• **Task to carry out**: Reproduce only the lines below from the line containing "Alex mojica online show from 11-05-25, 05:51" to the line containing "2025 Toyota SIENNA XLE XLE", exactly as written, with both end lines kept. Omit the pictures.

• **Listed records**:
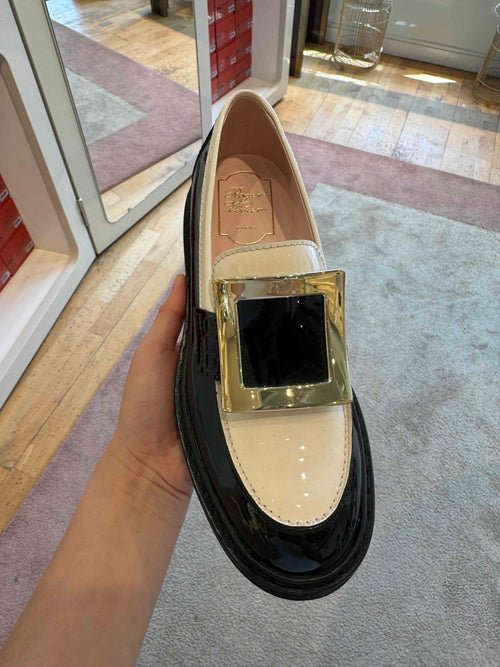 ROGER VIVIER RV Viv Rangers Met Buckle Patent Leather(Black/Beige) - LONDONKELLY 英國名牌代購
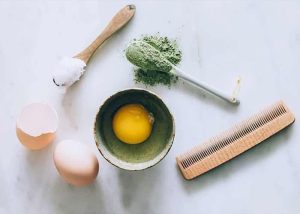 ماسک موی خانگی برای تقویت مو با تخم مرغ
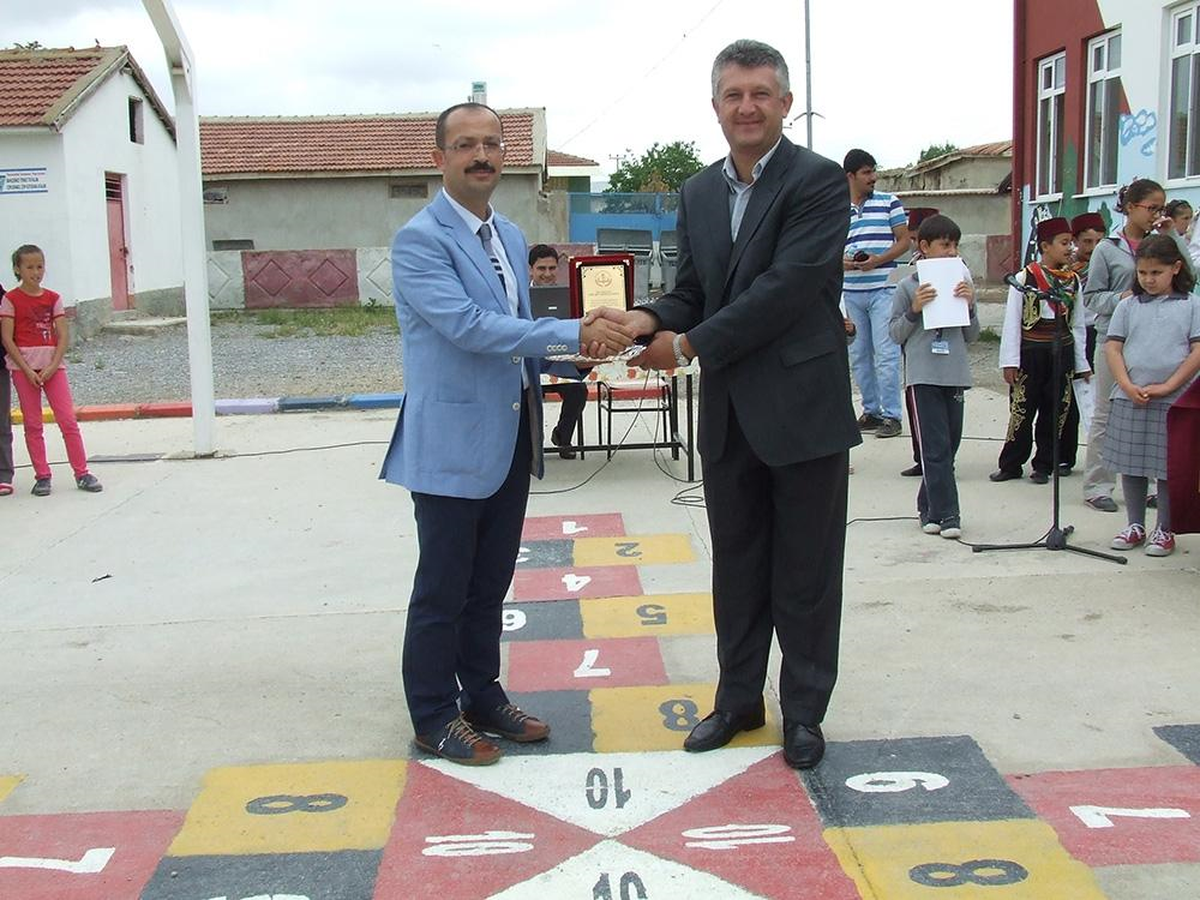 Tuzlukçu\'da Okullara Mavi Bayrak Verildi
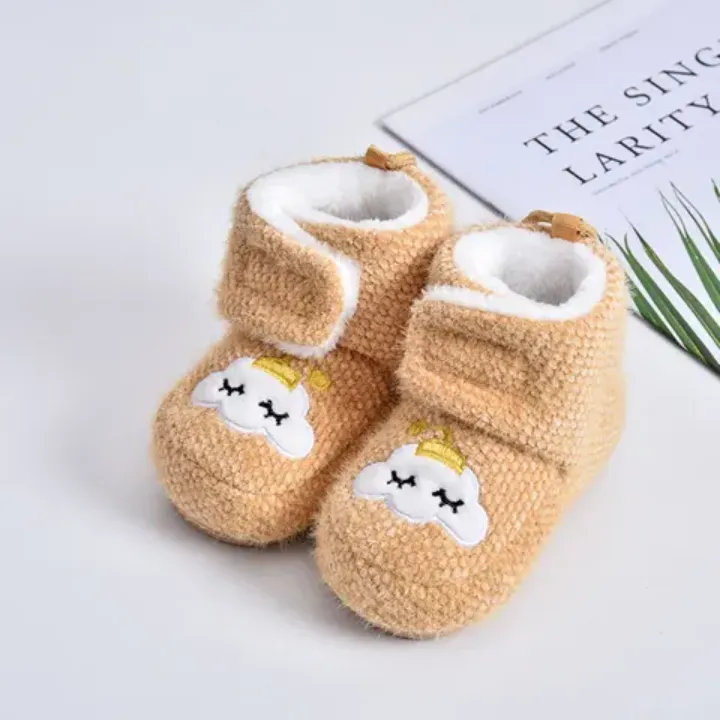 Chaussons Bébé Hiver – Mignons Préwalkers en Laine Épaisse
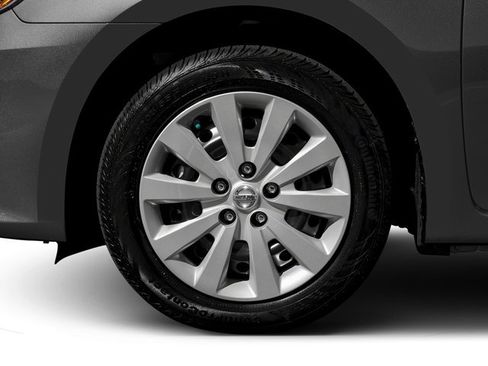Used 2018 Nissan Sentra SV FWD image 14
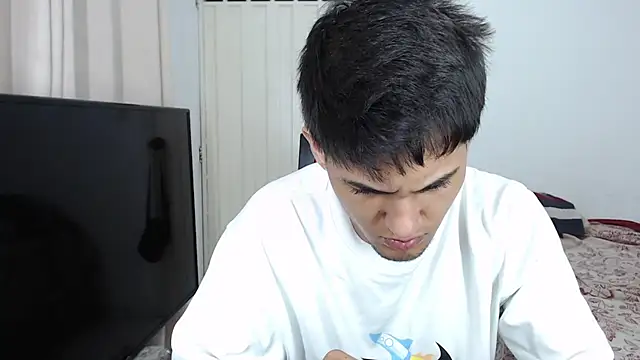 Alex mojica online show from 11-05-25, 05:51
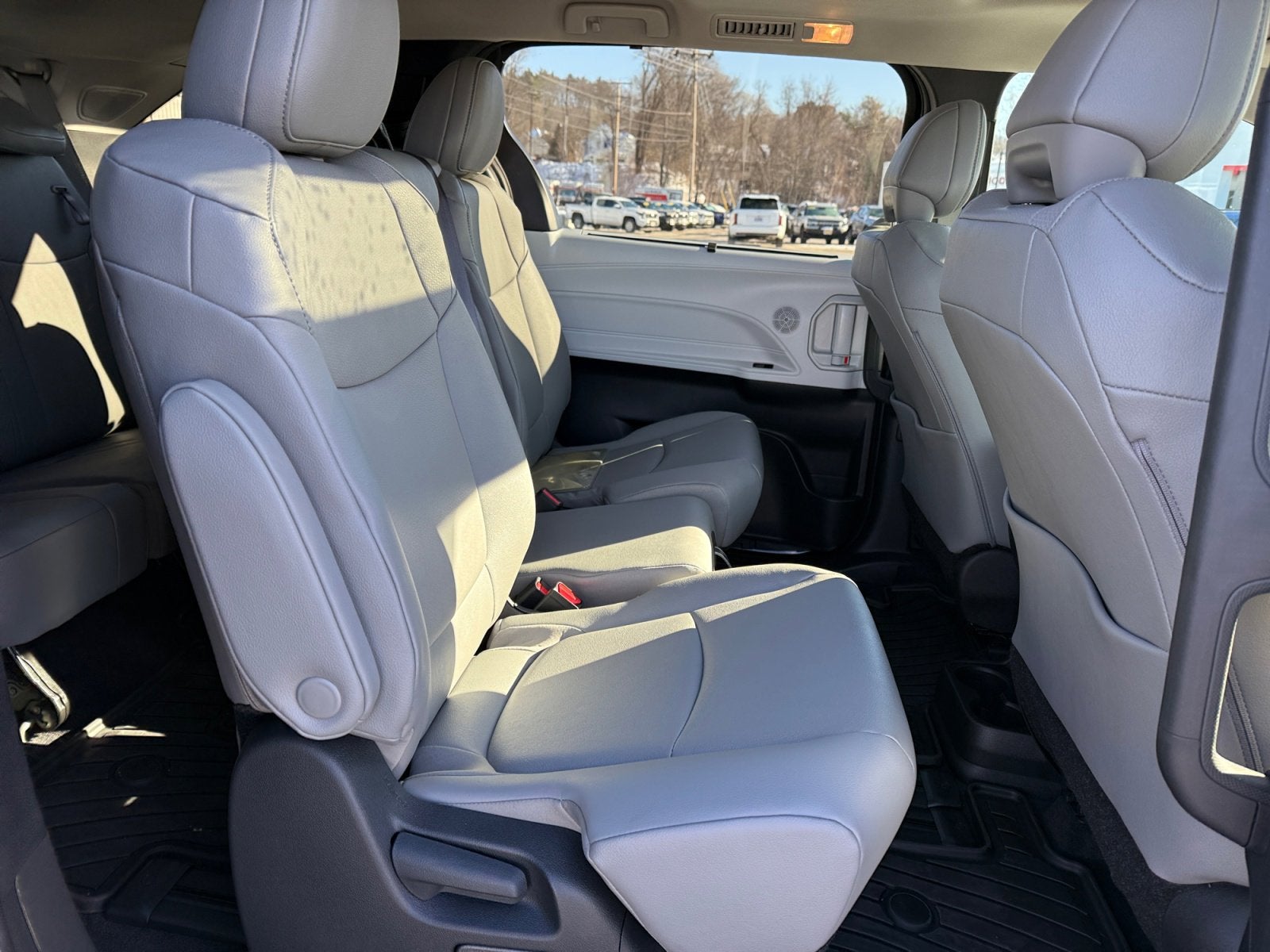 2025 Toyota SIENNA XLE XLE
* * *
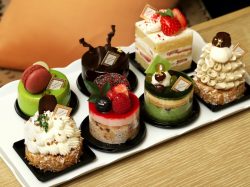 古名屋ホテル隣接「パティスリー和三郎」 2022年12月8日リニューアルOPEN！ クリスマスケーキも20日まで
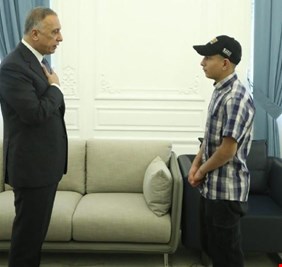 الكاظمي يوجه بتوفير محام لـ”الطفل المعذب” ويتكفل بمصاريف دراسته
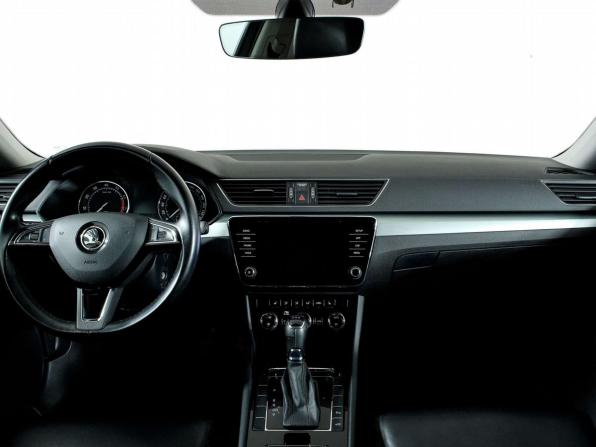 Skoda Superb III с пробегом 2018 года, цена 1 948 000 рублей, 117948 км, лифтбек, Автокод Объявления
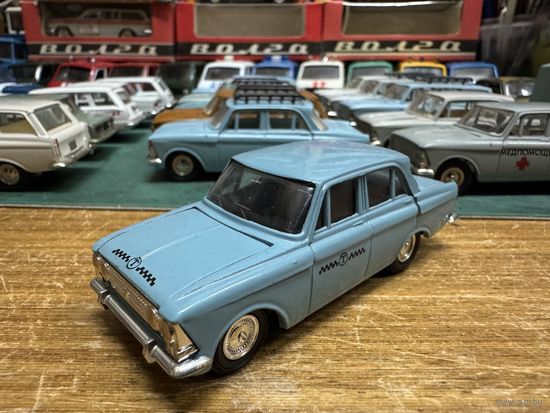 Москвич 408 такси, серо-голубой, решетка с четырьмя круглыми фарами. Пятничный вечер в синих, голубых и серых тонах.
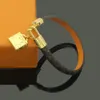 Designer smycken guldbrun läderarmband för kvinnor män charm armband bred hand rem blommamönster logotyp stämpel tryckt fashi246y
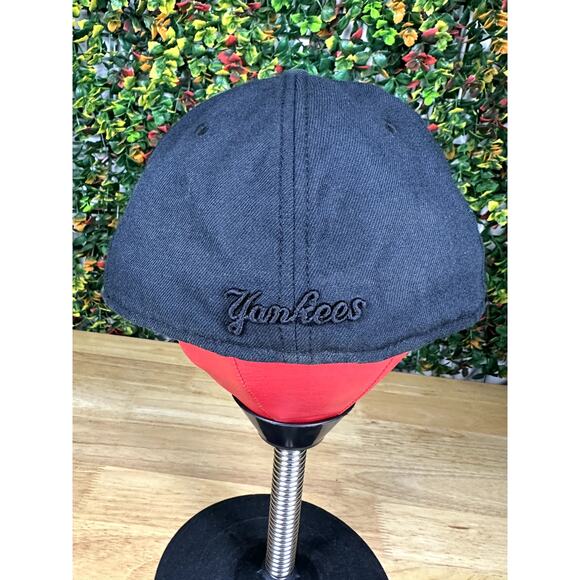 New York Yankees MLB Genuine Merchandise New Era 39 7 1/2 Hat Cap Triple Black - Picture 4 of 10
...
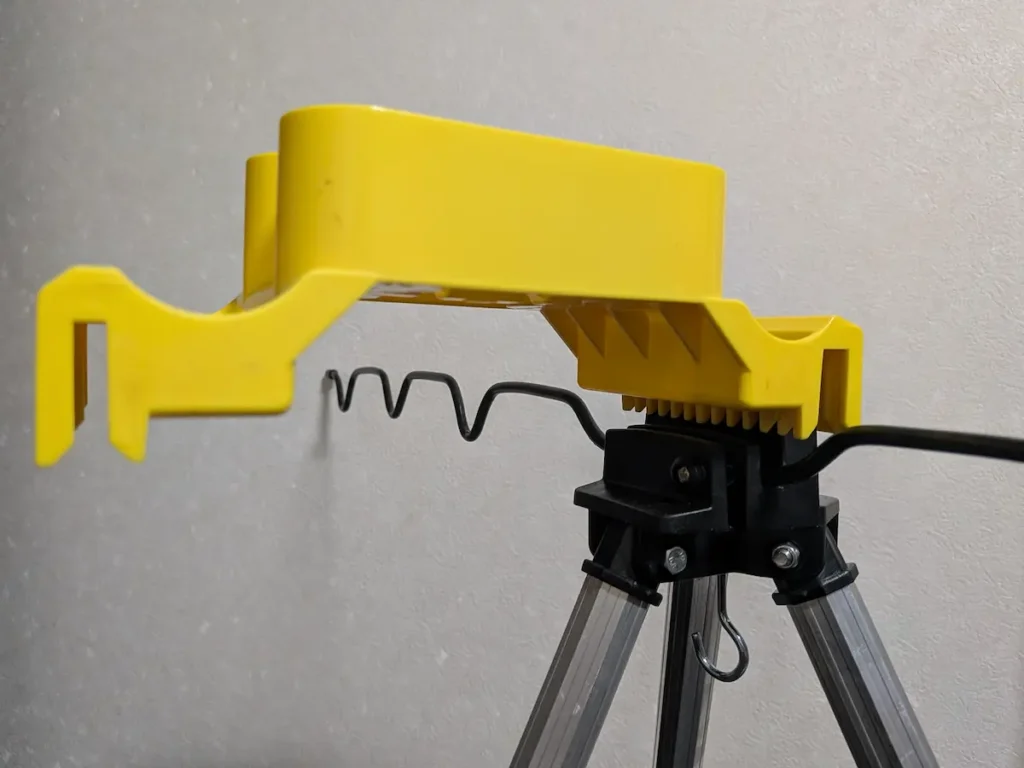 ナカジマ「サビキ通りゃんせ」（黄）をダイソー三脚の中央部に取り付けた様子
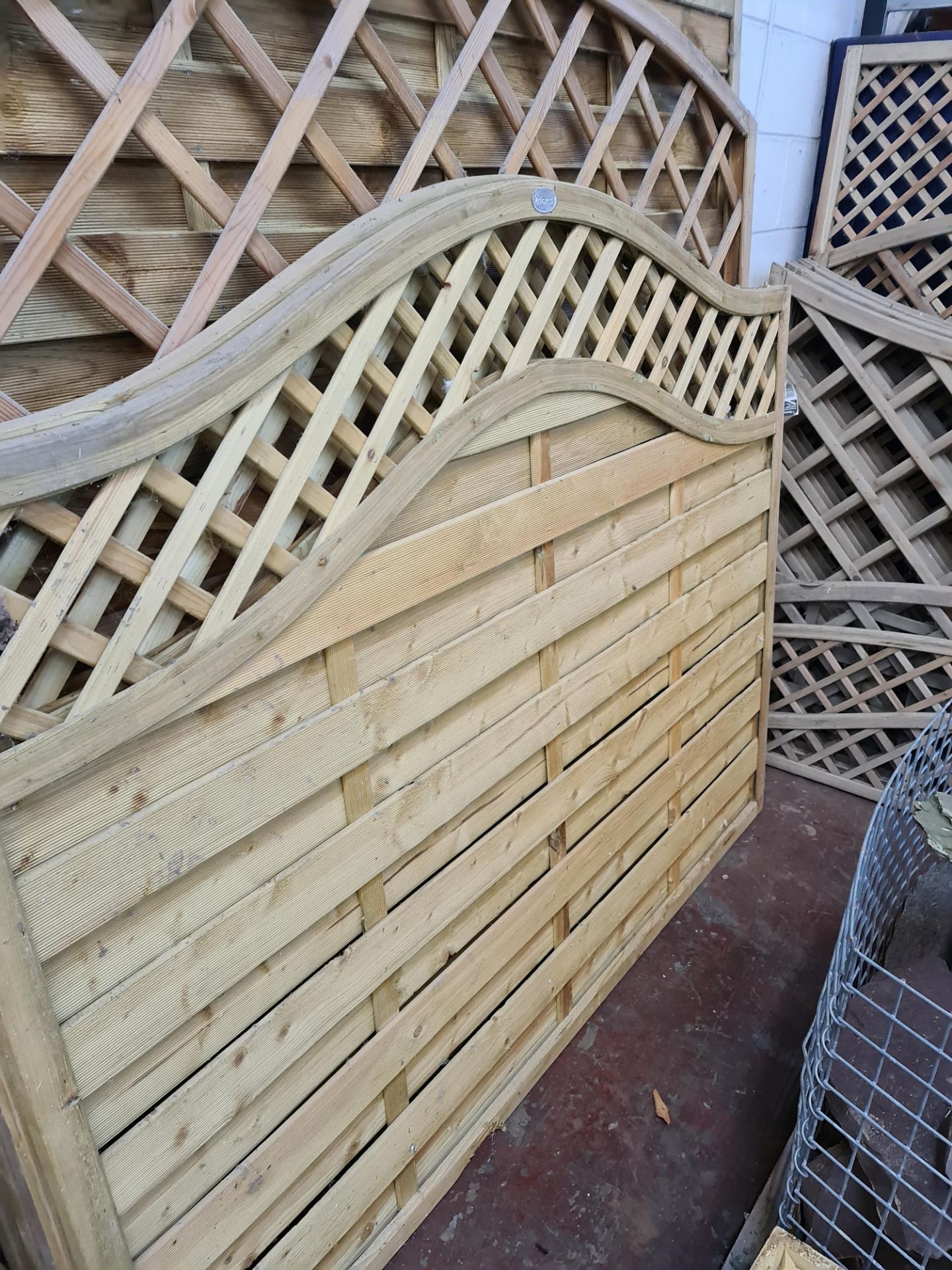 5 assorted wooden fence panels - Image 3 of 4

• **Solved exercise**:
 Alex mojica online show from 11-05-25, 05:51
 2025 Toyota SIENNA XLE XLE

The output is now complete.